Problem requirements: Output exactly the lines from the one containing "Unplanned welcome: Dolphins" through the final line of the entries below, both included, and skip the pictures.
──────── Available data ────────
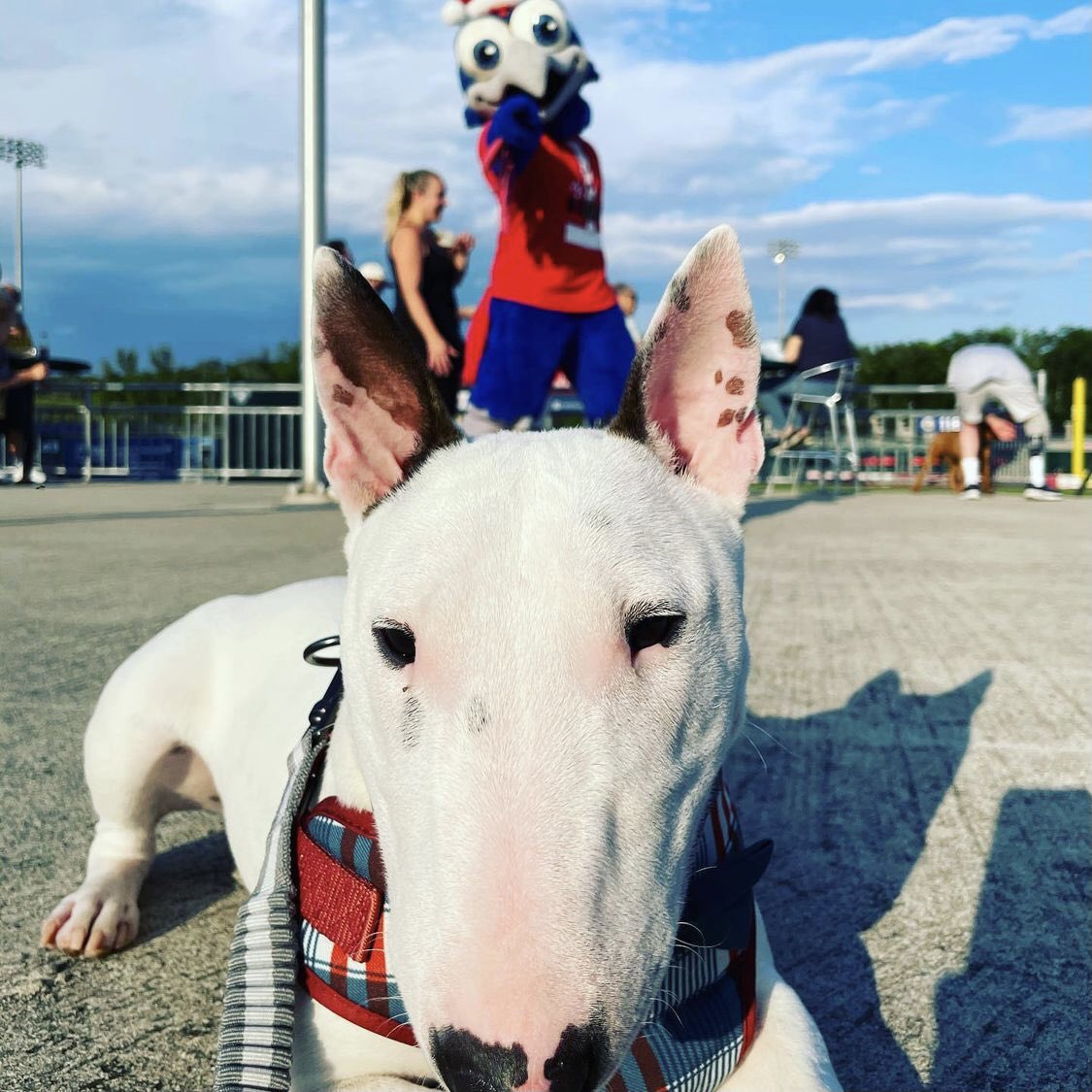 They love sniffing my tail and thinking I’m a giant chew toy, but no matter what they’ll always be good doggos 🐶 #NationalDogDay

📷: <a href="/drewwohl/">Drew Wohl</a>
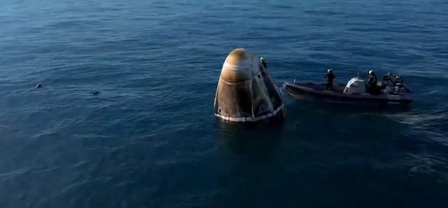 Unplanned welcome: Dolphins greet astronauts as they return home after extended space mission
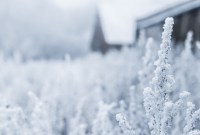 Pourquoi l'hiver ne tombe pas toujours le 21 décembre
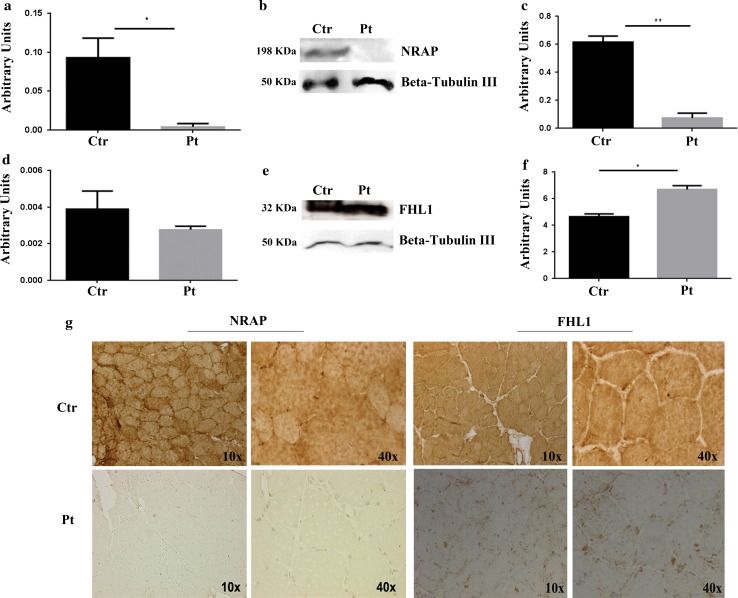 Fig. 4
────────
Output of the task:
 Unplanned welcome: Dolphins greet astronauts as they return home after extended space mission
 Pourquoi l'hiver ne tombe pas toujours le 21 décembre
 Fig. 4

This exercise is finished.